And that phrase, automation-first, is the whole game here. Instead of stacking a bunch of clips and hoping the energy works out, we’re going to design the movement directly. Pitch, filter, reverb throws, delay feedback, width, grit, all of it will be shaped with automation so the edit feels intentional, musical, and alive.

This approach is perfect for jungle, 93 to 97 style drum and bass, darker rollers, and jump-up-inspired transitions. It gives you that classic sampler or tape-edit energy, but in a clean modern Ableton session.

So let’s break down the workflow in a way that actually makes sense when you’re building it.

First thing: choose the right source sound. This matters way more than people think. You want something with character and some tonal information. A vocal stab works. A rave chord works. A dusty pad slice works. A piano hit can work. Even a breakbeat chop with some resonance can work.

The best sources for this style usually have a clear pitch center and a bit of texture around the note. That’s what makes the pitch movement feel musical instead of just random. If the source is too plain, the automation won’t have much to grab onto. If it’s too busy, the movement can get muddy fast.

Now drop that sample into Simpler on a MIDI track.

For this lesson, Simpler is a really strong choice because it gives you that sampler-style feel without making the workflow messy. If your sample is longer or rhythmic, turn Warp on. If it’s a one-shot, you can keep it in One-Shot mode. And if it’s tonal, make sure your MIDI note mapping makes sense so you can actually play the pitch movement musically.

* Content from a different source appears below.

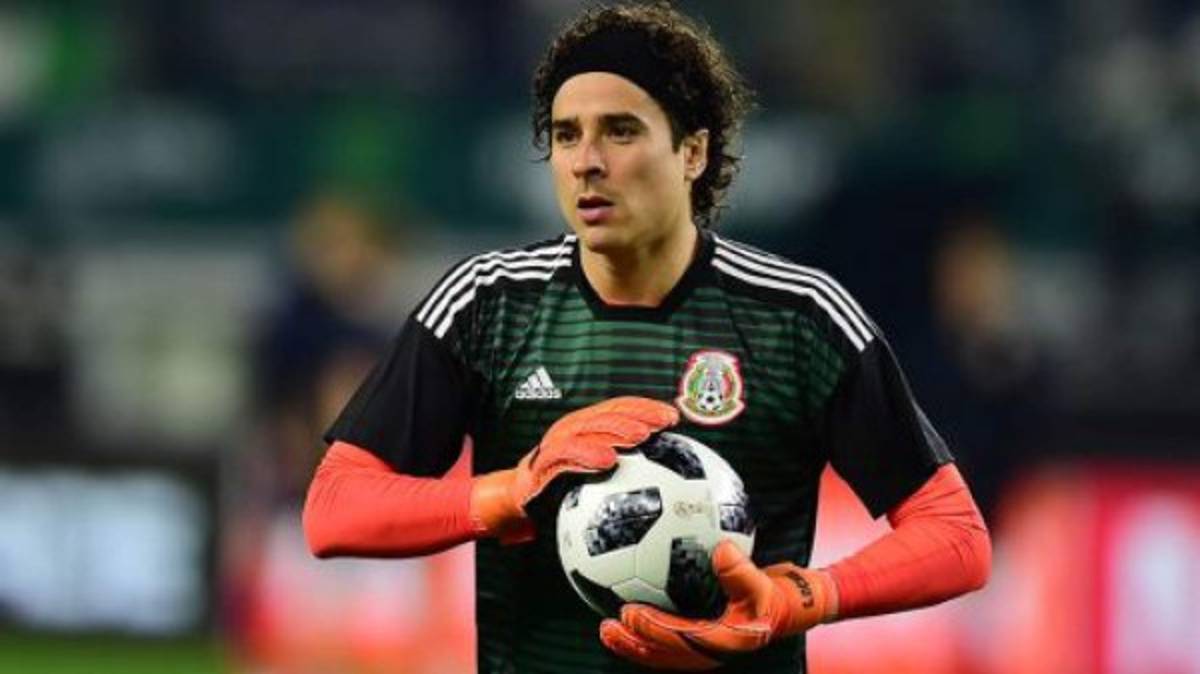 ¡Duelo de arqueros! Ochoa y Navas encabezan la lista de los porteros con más atajadas del Mundial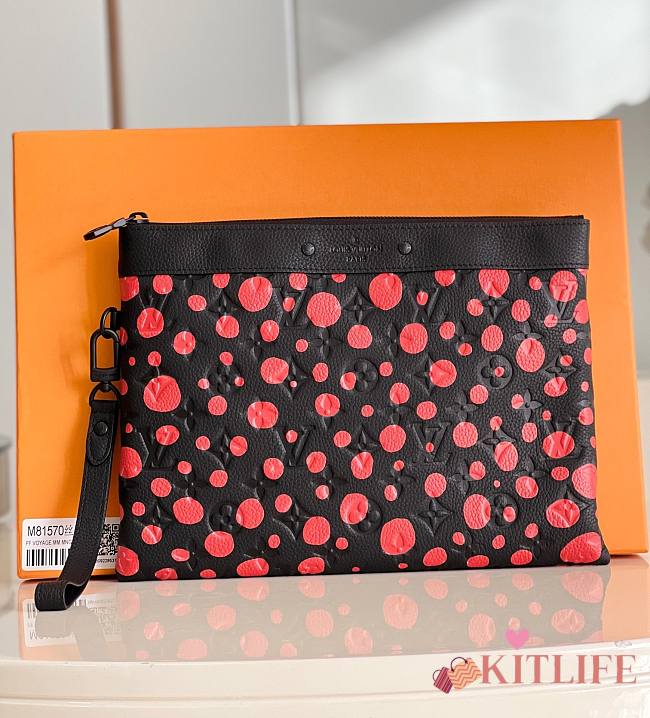 KITLIFE LOUIS VUITTON LV X YK POCHETTE TO GO BLACK AND RED - 30 x 21.5 x 1 cm - 1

A few good starting settings: set Simpler to monophonic if you want clean pitch moves, maybe one voice only. Add a little Glide if you want the notes to slide into each other. Something in the 20 to 80 millisecond range can give you that oldskool swoop. And trim the start and end carefully before you automate anything. That little bit of prep saves you from clicks and weird pops later.

Now before we start automating, build the device chain.

A strong chain for this would be EQ Eight, Auto Filter, Saturator, Echo, Reverb, Utility, and then optionally Drum Buss or Redux if you want extra grime.

The order matters.

EQ Eight first, because we want to clean up the source before we start moving it around. Auto Filter after that, because that’s going to be your main motion control. Saturator next for weight and edge. Echo and Reverb for space and throws. Utility for width and gain control. And then Drum Buss or Redux if you want to push it into proper jungle dirt territory.

Think of this chain like a performance rig. We’re not just processing sound. We’re setting up a movement system.

Start with the base tone.

On EQ Eight, high-pass if the sample is muddy, usually somewhere around 80 to 150 Hz depending on the source. If there’s harshness in the 2 to 5 kHz region, carve that a bit. If the source feels too dark, a very subtle high shelf can help.

On Auto Filter, a lowpass 12 dB curve is a great starting point because it sounds smoother when you automate it. Put the cutoff somewhere around 300 Hz to 2 kHz depending on how closed or open you want the vibe. Add a bit of resonance, maybe 10 to 25 percent, and a touch of drive if the filter feels too polite.

Saturator can bring it to life fast. Soft Sine or Analog Clip are both good choices here. Add just a few dB of drive, maybe 2 to 6 dB, and turn on Soft Clip if needed. Keep the output balanced so you don’t get fooled by the extra loudness.

Echo is where the transition character starts showing up. Use a synced time like 1/8, 3/16, or 1/4 dotted, depending on the groove. Keep feedback moderate, around 15 to 35 percent to start. Filter the echoes so the lows stay clean and the highs don’t get spitty. A little modulation can make the repeats feel alive instead of static.

Reverb should support the atmosphere, not drown it. You’re usually looking at a decay somewhere between 1.5 and 4 seconds, with a little pre-delay so the original hit stays defined. High-pass the reverb return so the low end doesn’t get cloudy, and roll off some highs if it’s too bright. In the main body of the phrase, keep the wet amount low. Save the big wash for the transition moments.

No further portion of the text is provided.